The next day I went out with Julie for lunch. I told her how sick I was feeling and she said "you're not pregnant are you?". I told her that I definitely wasn't. I knew that for sure. I'd even done a pregnancy test in January when I stopped having my period - in the faint hope that I might be. I remember how devastated I was when it was negative even thought I knew deep down what the results would be. Besides the fact that the IVF doctor told us [a year ago] that we had a less than 1% chance of me getting pregnant and that was even with IVF. Also the literature from the chemo drugs I was using said that fertility wouldn't be possible for at least a year after treatment. Taking my age into account, not being able to conceive was a reality that Patrick and I had to accept.

I'd just come home from having lunch with Julie and noticed 4 missed calls on my mobile. They were all from the Doctor. On the first message, she wanted me to call her urgently and that she was about to leave the clinic in 10 minutes. On the next message she told me what the fuss was about. I was pregnant. I had just walked in to the house while I listened to the message and I saw Patrick sitting in the lounge and I told him what I had just heard.

The doctor had organised an ultrasound for me the next day where we found out that I was seven weeks pregnant and everything was looking quite good with a healthy heart beat. Today I had another ultrasound and it is all going along very well. I have 2 photos from the ultrasound. It is growing perfectly normally and I'm feeling very good about it. I know it is still early days. I am 9 weeks and 5 days and so still not out of the danger zone but it all seem to be going so well so far. I thought about not mentioning this on my blog until I am passed the 12 week mark but without mentioning it I found I couldn't write about anything and as I said in my last post, I want to write often enough to reassure everyone that I am doing well.

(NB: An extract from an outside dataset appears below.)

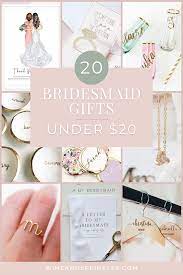 bridesmaid gifts under 20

My oncologist said that while the chances of the Mesothelioma recurring are still quite high, I have beaten all the olds so far. I know there are still a lot of hurdles to overcome still and I do keep that in mind.

One thing I was grateful for when I found out what was causing my nausea was that I was really glad about being impulsive enough to buy our new place. It is the right size for us to have a baby in. The flat we just moved from wasn't and we would have had to go through the trouble of house hunting.

It has been almost a year since I found out I had mesothelioma. I must say that it has been a roller coaster 12 months.

Tuesday, 22 April 2008

Our New Home

I originally started blogging so that friends and family could keep up to date with what I was up to and in doing so would hopefully not worry if all was going well.  Unfortunately I have posted so infrequently lately am having the opposite effect.  I am making people worry by my silence.

I will in the future try to write at least a few comments regularly just so you know all is well.

I have a busy week this week.  My twin brother Paul is visiting from Israel with his wife Ruth and their kids, Itai and Dana.  They are leaving on Wednesday and on Thursday Patrick and I are moving to our new unit in Brighton, and then on Friday my mother is having her 80th Birthday party which thankfully my brother Jack has done most of the organising for.

Explaining about the  new house takes me back to almost where I wanted to start filling you in from when we got back from our trip down the Great Ocean Road to Adelaide.

We had been back just over a week from our holidays and I woke up on Saturday morning think I had to go to the vet to get Choochie more of his special dog food. On the way I dropped in to a house inspection. I wasn't really looking seriously but this sounded interesting. The place was an old converted Fire Station and the photos looked very pleasant. I jumped in the car to get the dog food and punched into the navigation system the address of the open inspection.

I walked into the unit, a lovely 3 bedroom place with a lounge / dining room with large north facing glass door/windows opening onto a gorgeous landscaped garden. The sun was shining and it looked perfect.

As I was leaving to the car to get the dog food, I asked the real-estate agent when the auction was - thinking he would say 3 or 4 weeks. He said, 'In 5 minutes.'

I thought I would hang around watch. The first person bid and then the auctioneer was searching for another bidder and then it happened, I decided to bid. I thought Patrick would understand why I had to when he sees the place for sure. And so it went backwards and forward between me and another bidder several times and them bam, everyone was applauding and the auctioneer as shaking my hand and invited me in to sign the papers.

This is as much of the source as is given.